Input data:
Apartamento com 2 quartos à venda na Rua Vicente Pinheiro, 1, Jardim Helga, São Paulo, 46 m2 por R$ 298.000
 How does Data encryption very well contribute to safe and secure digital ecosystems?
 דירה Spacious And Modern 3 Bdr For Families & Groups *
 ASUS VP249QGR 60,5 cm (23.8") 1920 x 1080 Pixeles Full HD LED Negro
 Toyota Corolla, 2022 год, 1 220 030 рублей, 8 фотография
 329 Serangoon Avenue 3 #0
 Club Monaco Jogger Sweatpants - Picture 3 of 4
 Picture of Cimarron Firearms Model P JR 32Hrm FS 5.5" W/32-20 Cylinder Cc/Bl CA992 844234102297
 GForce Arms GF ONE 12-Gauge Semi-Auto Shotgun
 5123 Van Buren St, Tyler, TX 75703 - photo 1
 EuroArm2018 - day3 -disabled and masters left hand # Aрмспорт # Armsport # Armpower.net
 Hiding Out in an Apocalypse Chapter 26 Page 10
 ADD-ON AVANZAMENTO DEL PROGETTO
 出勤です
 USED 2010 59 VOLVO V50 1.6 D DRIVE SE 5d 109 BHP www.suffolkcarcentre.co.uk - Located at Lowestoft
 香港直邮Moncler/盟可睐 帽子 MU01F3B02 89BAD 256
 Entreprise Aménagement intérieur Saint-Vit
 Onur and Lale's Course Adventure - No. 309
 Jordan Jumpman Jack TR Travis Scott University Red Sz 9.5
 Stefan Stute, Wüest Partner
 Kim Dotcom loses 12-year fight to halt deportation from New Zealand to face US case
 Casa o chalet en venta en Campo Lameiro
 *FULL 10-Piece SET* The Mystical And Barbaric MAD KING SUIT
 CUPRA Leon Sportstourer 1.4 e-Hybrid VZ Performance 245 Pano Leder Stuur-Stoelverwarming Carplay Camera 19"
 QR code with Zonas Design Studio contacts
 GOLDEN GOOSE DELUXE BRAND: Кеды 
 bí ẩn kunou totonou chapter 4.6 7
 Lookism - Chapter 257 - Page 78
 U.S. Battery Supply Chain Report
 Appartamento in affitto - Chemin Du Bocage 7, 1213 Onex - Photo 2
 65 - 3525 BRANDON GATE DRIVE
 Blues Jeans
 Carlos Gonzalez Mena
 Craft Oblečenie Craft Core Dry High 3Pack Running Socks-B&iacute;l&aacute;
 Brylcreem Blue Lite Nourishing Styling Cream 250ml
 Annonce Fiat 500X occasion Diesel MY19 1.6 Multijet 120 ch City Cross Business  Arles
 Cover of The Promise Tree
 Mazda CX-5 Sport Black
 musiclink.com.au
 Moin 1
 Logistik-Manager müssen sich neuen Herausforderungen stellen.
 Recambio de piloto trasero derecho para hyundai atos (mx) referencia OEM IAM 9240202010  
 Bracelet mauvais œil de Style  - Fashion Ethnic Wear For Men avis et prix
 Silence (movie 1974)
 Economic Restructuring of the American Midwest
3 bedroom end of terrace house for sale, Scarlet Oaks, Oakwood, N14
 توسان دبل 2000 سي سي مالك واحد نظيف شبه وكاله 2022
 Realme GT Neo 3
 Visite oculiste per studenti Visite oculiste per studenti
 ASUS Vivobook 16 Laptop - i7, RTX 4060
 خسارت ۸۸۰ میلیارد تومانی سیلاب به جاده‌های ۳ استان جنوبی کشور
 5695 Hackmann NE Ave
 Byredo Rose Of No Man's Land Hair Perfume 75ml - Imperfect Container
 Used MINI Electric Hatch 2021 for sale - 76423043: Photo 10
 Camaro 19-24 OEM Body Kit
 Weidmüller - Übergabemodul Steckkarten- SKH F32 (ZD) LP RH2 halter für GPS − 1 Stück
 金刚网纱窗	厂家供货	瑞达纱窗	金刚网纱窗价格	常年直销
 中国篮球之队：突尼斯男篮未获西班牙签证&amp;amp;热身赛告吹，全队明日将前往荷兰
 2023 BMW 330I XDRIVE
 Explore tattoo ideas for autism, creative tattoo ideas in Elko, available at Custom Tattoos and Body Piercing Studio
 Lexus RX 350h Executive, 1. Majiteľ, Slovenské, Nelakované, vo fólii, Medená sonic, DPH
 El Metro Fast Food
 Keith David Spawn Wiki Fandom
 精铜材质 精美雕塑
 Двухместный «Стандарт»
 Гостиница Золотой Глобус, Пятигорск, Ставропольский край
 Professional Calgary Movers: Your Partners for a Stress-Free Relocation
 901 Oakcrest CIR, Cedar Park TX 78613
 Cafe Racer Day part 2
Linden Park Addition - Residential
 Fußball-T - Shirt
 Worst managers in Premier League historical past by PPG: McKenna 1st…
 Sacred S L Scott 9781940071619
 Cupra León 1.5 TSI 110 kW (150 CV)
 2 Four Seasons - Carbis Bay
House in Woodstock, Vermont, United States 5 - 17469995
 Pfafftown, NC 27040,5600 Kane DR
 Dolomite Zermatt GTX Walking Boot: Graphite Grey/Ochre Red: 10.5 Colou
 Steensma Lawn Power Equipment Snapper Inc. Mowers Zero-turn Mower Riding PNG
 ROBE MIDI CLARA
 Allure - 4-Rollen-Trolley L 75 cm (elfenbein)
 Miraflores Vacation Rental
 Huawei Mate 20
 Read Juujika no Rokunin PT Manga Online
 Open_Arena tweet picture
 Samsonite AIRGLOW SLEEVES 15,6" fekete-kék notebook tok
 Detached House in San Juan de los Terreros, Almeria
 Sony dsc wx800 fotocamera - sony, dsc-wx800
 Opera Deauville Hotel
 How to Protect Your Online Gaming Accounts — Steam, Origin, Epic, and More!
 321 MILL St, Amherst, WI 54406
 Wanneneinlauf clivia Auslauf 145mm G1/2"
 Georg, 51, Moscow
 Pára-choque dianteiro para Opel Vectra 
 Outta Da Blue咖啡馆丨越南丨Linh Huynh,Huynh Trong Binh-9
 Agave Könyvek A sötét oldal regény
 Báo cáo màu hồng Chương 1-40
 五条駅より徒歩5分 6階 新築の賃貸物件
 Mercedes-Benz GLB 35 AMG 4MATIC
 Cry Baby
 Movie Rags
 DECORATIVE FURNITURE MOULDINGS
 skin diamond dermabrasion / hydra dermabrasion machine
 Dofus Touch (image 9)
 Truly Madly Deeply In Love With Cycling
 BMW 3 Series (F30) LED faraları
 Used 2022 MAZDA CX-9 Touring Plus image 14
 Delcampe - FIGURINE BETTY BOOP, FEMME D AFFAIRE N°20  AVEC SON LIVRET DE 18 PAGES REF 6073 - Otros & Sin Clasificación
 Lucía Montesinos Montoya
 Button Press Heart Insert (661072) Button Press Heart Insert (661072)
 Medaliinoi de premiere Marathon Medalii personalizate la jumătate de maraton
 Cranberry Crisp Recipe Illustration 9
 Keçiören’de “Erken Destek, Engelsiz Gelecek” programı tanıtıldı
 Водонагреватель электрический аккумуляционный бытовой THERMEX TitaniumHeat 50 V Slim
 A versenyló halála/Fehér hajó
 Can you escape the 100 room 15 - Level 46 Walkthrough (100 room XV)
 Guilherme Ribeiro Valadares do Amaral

What is expected: Could you restate word for word the lines above from the one containing "Steensma Lawn Power" through the one containing "Dofus Touch (image 9)", both included, and nothing else?

Response below:
 Steensma Lawn Power Equipment Snapper Inc. Mowers Zero-turn Mower Riding PNG
 ROBE MIDI CLARA
 Allure - 4-Rollen-Trolley L 75 cm (elfenbein)
 Miraflores Vacation Rental
 Huawei Mate 20
 Read Juujika no Rokunin PT Manga Online
 Open_Arena tweet picture
 Samsonite AIRGLOW SLEEVES 15,6" fekete-kék notebook tok
 Detached House in San Juan de los Terreros, Almeria
 Sony dsc wx800 fotocamera - sony, dsc-wx800
 Opera Deauville Hotel
 How to Protect Your Online Gaming Accounts — Steam, Origin, Epic, and More!
 321 MILL St, Amherst, WI 54406
 Wanneneinlauf clivia Auslauf 145mm G1/2"
 Georg, 51, Moscow
 Pára-choque dianteiro para Opel Vectra 
 Outta Da Blue咖啡馆丨越南丨Linh Huynh,Huynh Trong Binh-9
 Agave Könyvek A sötét oldal regény
 Báo cáo màu hồng Chương 1-40
 五条駅より徒歩5分 6階 新築の賃貸物件
 Mercedes-Benz GLB 35 AMG 4MATIC
 Cry Baby
 Movie Rags
 DECORATIVE FURNITURE MOULDINGS
 skin diamond dermabrasion / hydra dermabrasion machine
 Dofus Touch (image 9)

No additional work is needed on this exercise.